With limited time in which to train, you’ll no longer be able to hog the squat rack for two hours, working your way through pyramid sets. The way we train is going to take a hit.
“Prior to lockdown, it would be commonplace to walk to the other side of the gym, grab a 10kg plate and put it back somewhere else,” says Haw.
“Now we’ll need to be more organised in how much equipment we touch and how we pass that equipment around.”
Our next Rule is to open the bottleneck, allowing everyone time to train. We do this by getting the maximum amount of training done in a very short amount of time, and making some sacrifices.
Pining for that weight plate someone else is using? You might have to do an extra set or two to overload your muscles, rather than wait for the larger weight to become available.
Every minute you’re in the gym is a minute someone else can’t be there.
4. Vent Your Feelings
One of the best ways to minimise your coronavirus risk is to train in well-ventilated spaces. Deadlifting next to an open window in the gym, with no-one else around, would be considered a low-risk activity (provided you wipe your bar down before and after).
However, being crammed in a poorly-ventilated spin class with nine others would be considered, of course, high-risk. Bear this in mind when training.
Needless to say, the best ventilated place in the world is the great outdoors. Without gyms, fitness buffs have been re-learning to exercise outside, whether it’s outdoor classes, running or pull-up bars.
You might have found a tree in the local park perfect for hanging rings off, or got into running – really got into it – for the first time.
Now you’re able to enter the gyms again, don’t forget these lessons. Where you would have ordinarily had three or four gym days, supplement one or two a week with an outdoor session.
You can train outside with friends – a practice currently prohibited in gyms – and it frees up that vital gym space for other members. Even if the weather’s bad, you can still opt for a home workout or a run in the rain.

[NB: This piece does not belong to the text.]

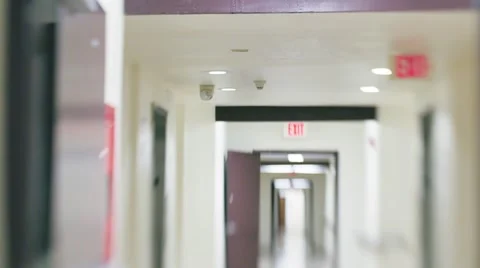 Slow POV walk inside white hospital hallway corridor. Defocused blurred vision. Stock Footage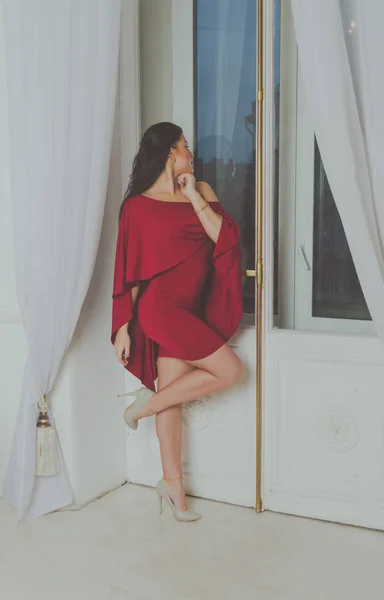 De pé na janela uma menina bonita em um vestido vermelho — Fotografia de Stock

It’s not ideal, especially for anyone with a penchant for lifting heavy weights, but for now you’ll have to schedule your workouts smartly and make the most of your limited gym time: working out in well-ventilated areas where you can and making good use of the great outdoors when you can’t.
5. Tough It Out
“The situation will change with new information, but certain hygiene measures might be here to stay,” says Haw. “But that’s not necessarily a bad thing; who doesn’t want a cleaner gym and more space to train in?”
The World Health Organisation has stated a coronavirus vaccine isn’t expected to be widely available until early-to-mid 2021.
Of course, the situation will change as the government issues new guidelines in response to new information, but until then, safety measures of some description will continue to remain in place.
It’s tempting to become apathetic. Perhaps after the first time you forget to sanitise your equipment after you use it you become much less rigorous, given it’s had no immediate repercussions for you.
After a few months, perhaps you decide to take other people’s personal space a bit less seriously on the gym floor, or shut the open windows to keep out the winter cold.
Our final Rule is to stay vigilant and tough it out. You must remember it’s not just your own home comforts at stake: it’s the lives of other gym members, staff and the vulnerable people they’re connected to – lives you wouldn’t ordinarily think about.
Your actions can have a very real impact, so until science solves this problem, the onus is on you to follow the New Rules of Fitness and safeguard their wellbeing.
Good luck, train hard and please gym responsibly.